[Available data Boundary: Start]

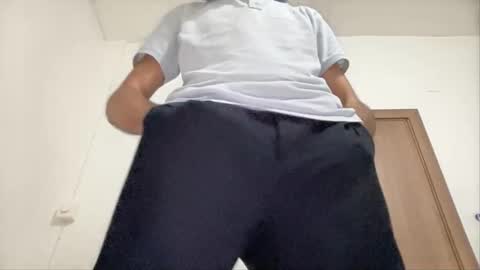 Snapshot of freshmanxxl chatting on 11, 11, 2025 freshman imonyou98 online show from 11, 11, 2025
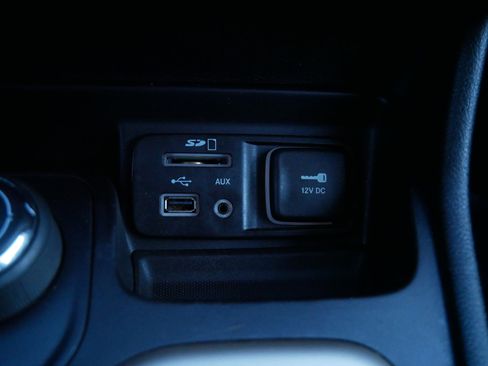 Used 2018 Jeep Cherokee Limited image 30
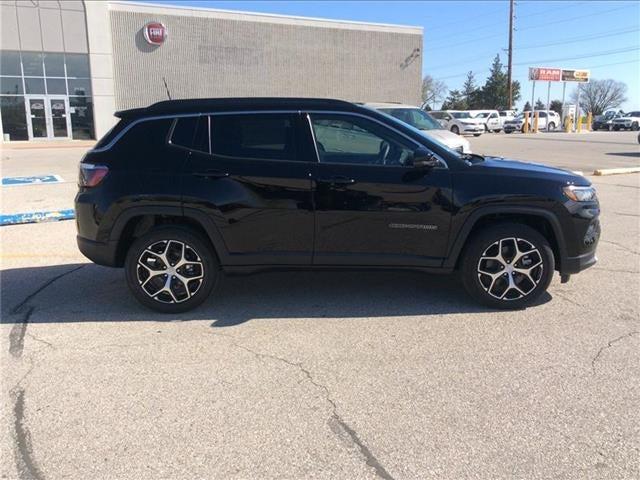 2024 Jeep Compass COMPASS LIMITED 4X4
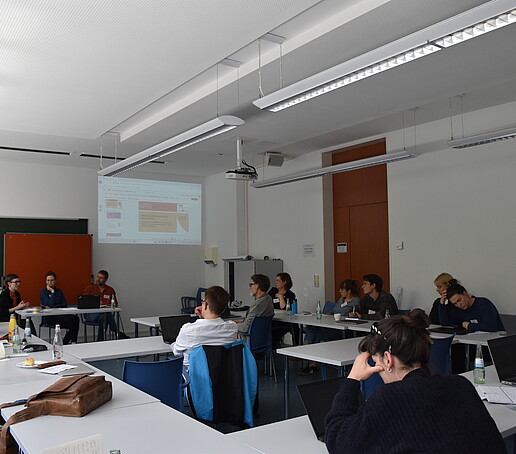 Teilnehmer im Seminarraum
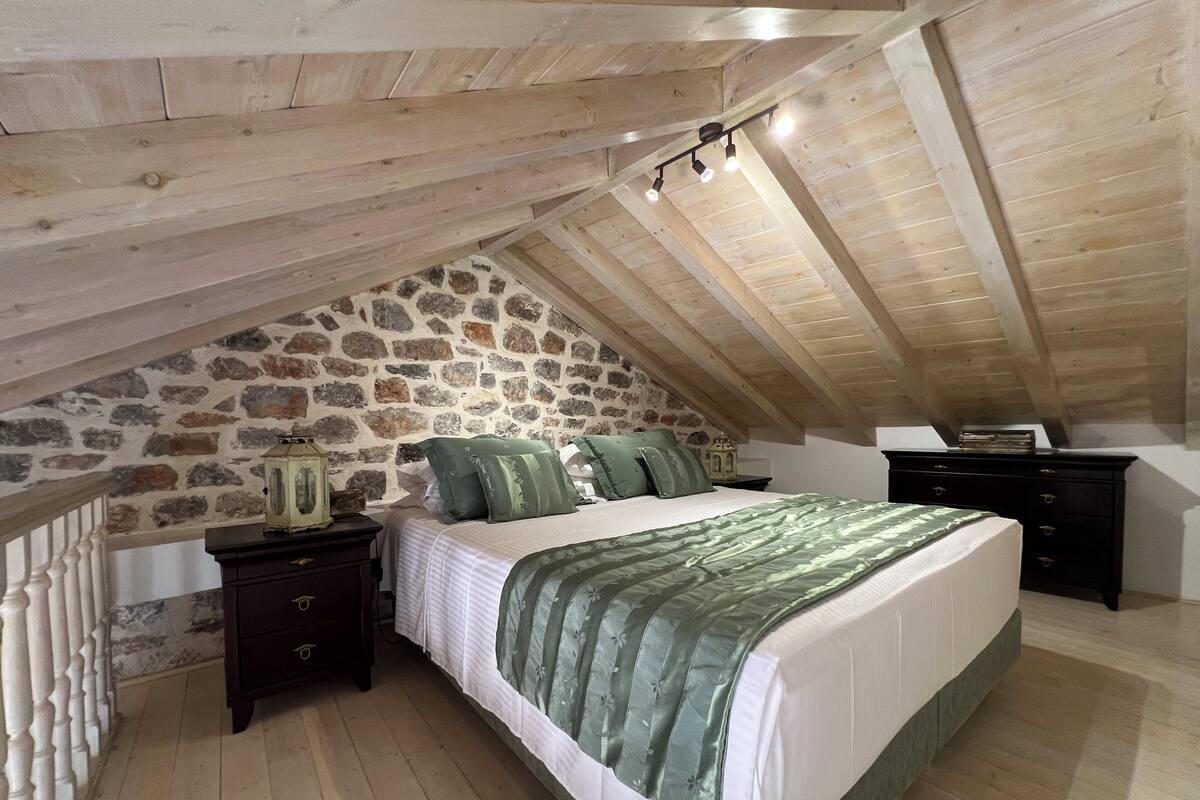 Deluxe Loft, 1 Bedroom | Premium bedding, down comforters, in-room safe, desk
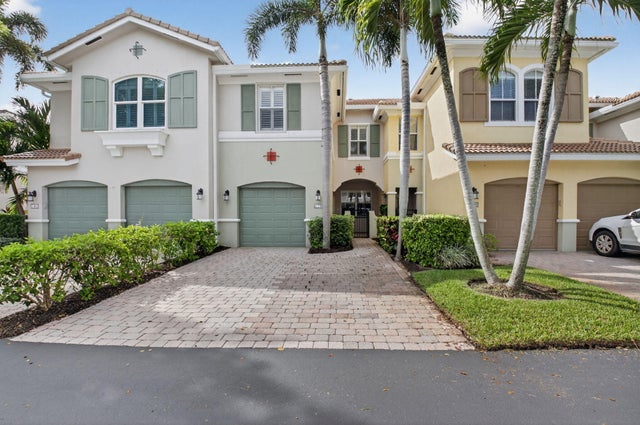 1 of 49 - 179 Las Brisas Circle, Hypoluxo, FL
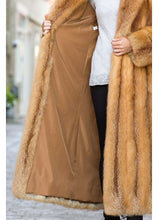 Load image into Gallery viewer, Womens Real Saga Red Fox Fur Coat
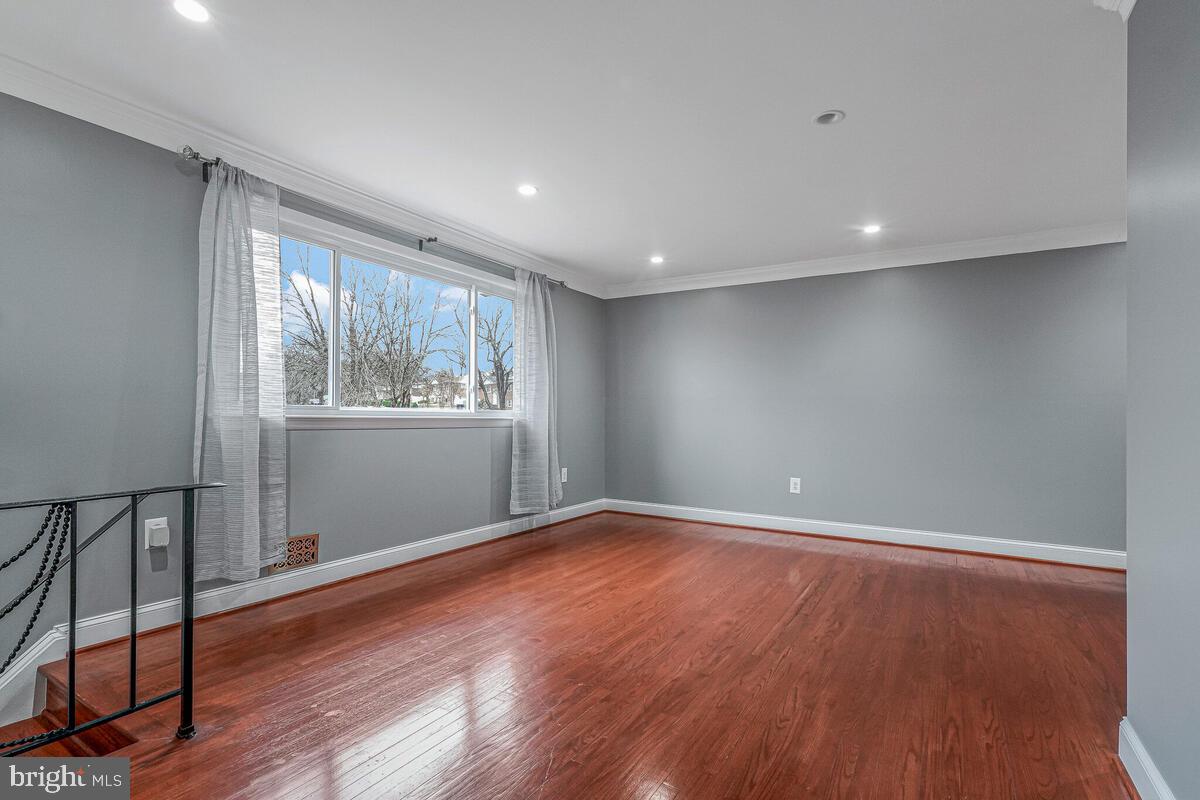 CRESTVIEW MANOR - Residential Lease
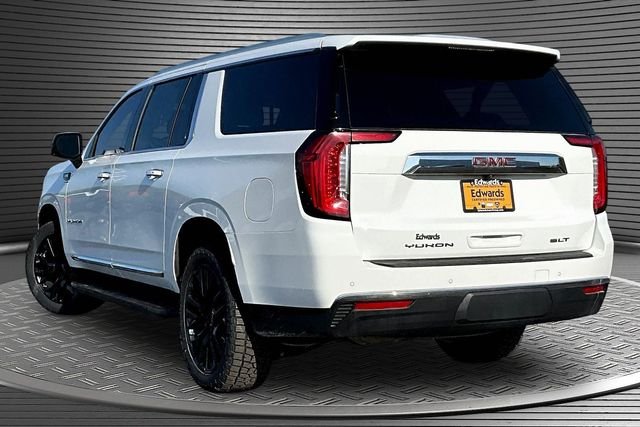 Used 2023 White GMC SLT image 4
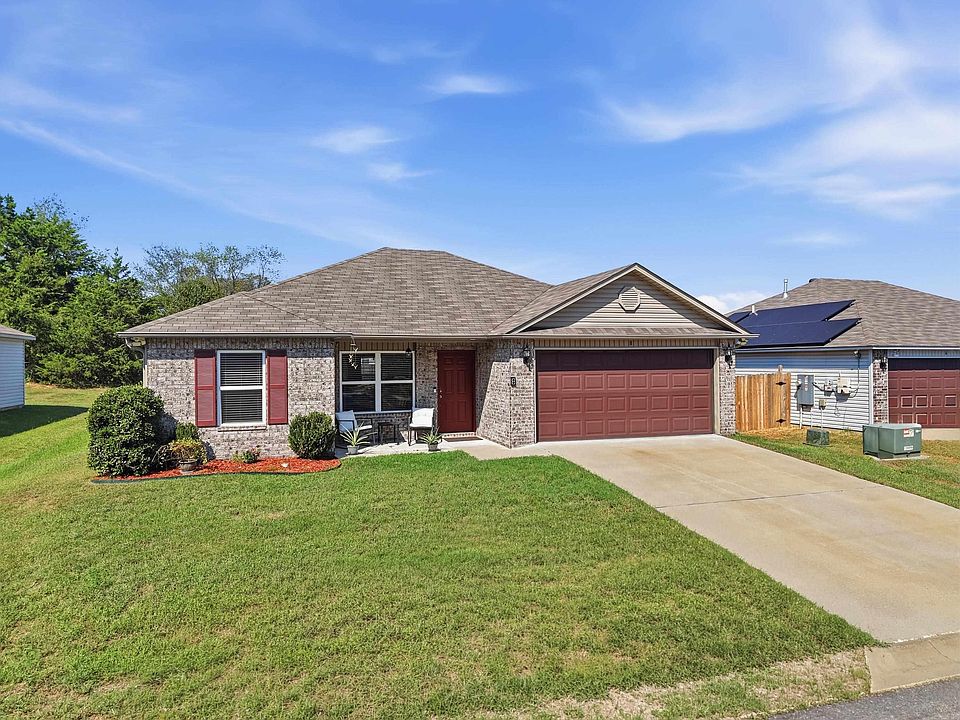 1st image of 8 Harvest Ln
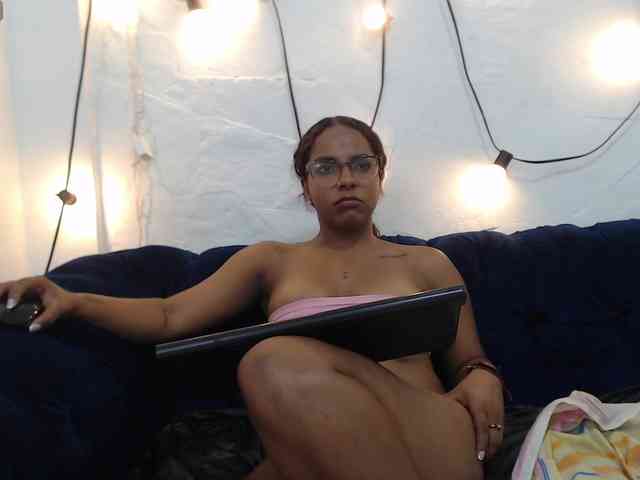 AprilyCrystal webcam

[Available data Boundary: End]

*Instructions to follow:*
After dropping the pictures, reproduce exactly the lines from the first line of the entries through the line containing "1 of 49 - 179", both included.

*Exercise solution:*
 Snapshot of freshmanxxl chatting on 11, 11, 2025 freshman imonyou98 online show from 11, 11, 2025
 Used 2018 Jeep Cherokee Limited image 30
 2024 Jeep Compass COMPASS LIMITED 4X4
 Teilnehmer im Seminarraum
 Deluxe Loft, 1 Bedroom | Premium bedding, down comforters, in-room safe, desk
 1 of 49 - 179 Las Brisas Circle, Hypoluxo, FL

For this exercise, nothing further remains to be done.